Sur le papier, tout est réuni pour un grand album. Dans les faits, je reste franchement sur ma faim.
N'est pas Frank Ocean qui veut. Steve Lacy maîtrise parfaitement les ambiances, mais ici elles finissent par toutes se ressembler. L'album est sirupeux, mou, lent et souvent répétitif. Son côté introverti, qui faisait autrefois son charme, manque cette fois d'expressivité. J'attends des montées, des ruptures, des morceaux qui explosent... elles n'arrivent jamais.
Les productions sont pourtant très propres. Les guitares restent élégantes, les harmonies sont soignées et quelques titres, comme is it cool? avec SZA ou Pure Colour avec Erykah Badu, apportent un peu d'air à l'ensemble. Mais tout reste enfermé dans une même humeur contemplative qui finit par devenir monotone.

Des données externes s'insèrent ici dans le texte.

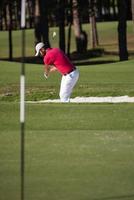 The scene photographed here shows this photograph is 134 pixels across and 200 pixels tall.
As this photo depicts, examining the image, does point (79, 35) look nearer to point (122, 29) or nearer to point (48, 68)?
point (122, 29)

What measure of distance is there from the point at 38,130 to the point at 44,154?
295 centimetres

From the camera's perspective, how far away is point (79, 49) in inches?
2261

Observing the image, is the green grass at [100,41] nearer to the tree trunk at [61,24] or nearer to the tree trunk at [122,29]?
the tree trunk at [61,24]

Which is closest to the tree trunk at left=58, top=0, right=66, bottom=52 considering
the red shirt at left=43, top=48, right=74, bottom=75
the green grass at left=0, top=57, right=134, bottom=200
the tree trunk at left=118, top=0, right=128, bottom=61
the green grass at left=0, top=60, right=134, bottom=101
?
the tree trunk at left=118, top=0, right=128, bottom=61

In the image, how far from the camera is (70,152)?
11383mm

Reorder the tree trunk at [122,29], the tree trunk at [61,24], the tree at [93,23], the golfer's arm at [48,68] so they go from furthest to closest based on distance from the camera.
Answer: the tree at [93,23], the tree trunk at [61,24], the tree trunk at [122,29], the golfer's arm at [48,68]

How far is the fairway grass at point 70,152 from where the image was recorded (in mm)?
8711

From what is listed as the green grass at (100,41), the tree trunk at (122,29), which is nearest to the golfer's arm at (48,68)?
the tree trunk at (122,29)

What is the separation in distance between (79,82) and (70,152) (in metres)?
13.9

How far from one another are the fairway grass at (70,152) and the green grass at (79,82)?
544cm

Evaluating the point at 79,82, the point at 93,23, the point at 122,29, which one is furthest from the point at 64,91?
the point at 93,23

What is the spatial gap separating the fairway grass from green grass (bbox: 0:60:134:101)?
5435 mm

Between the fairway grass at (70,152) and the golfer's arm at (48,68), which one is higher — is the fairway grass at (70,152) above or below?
below

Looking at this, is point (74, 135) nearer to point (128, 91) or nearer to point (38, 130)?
point (38, 130) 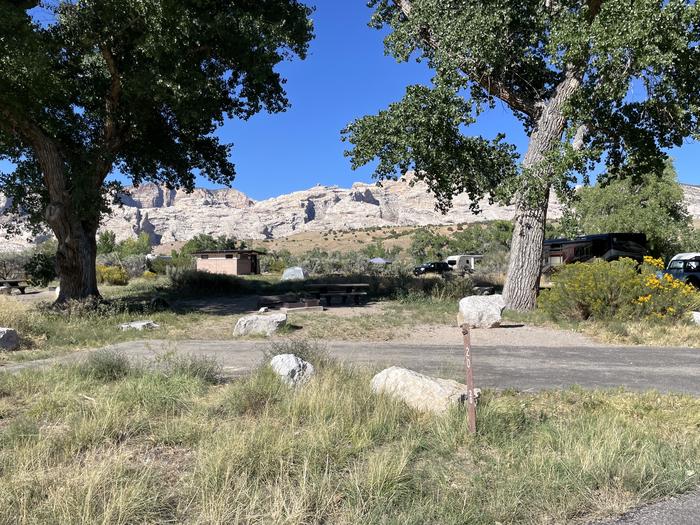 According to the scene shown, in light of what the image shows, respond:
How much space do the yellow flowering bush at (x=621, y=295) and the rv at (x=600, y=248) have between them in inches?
619

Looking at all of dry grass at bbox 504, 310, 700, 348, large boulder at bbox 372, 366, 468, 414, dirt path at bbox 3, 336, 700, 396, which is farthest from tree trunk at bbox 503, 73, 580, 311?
large boulder at bbox 372, 366, 468, 414

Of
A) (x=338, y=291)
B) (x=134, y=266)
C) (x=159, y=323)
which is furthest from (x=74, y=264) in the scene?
(x=134, y=266)

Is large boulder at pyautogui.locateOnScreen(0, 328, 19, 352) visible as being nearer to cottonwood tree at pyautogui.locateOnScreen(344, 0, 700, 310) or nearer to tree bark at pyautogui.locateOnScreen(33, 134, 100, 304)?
tree bark at pyautogui.locateOnScreen(33, 134, 100, 304)

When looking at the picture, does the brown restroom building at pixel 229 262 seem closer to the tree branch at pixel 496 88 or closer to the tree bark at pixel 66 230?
the tree bark at pixel 66 230

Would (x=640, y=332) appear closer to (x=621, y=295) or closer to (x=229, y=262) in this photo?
(x=621, y=295)

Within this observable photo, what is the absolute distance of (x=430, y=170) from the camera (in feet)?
50.8

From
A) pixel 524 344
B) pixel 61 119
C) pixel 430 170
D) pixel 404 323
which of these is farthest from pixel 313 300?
pixel 61 119

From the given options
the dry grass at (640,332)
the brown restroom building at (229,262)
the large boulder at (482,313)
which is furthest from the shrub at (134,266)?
the dry grass at (640,332)

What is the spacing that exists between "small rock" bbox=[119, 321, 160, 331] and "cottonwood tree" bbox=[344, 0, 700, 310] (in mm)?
7484

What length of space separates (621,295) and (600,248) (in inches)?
704

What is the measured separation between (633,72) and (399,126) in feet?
20.0

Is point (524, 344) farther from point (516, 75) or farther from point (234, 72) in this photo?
point (234, 72)

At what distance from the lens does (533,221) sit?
1449cm

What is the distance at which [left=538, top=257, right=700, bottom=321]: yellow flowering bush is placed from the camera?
11641 millimetres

Je comprends pourquoi une partie de la presse salue ce disque comme son travail le plus personnel et le plus introspectif. Mais de mon côté, cette retenue permanente m'empêche de vraiment m'attacher aux morceaux. J'aurais aimé davantage de contrastes, de relief et d'émotions.
À associer avec une Kasteel Rouge. Une bière belge immédiatement séduisante, généreuse en sucre, aux arômes flatteurs de cerise... mais qui devient vite un peu lourde si l'on enchaîne les verres. Exactement comme cet album : agréable au départ, puis de plus en plus monotone à mesure que l'écoute avance.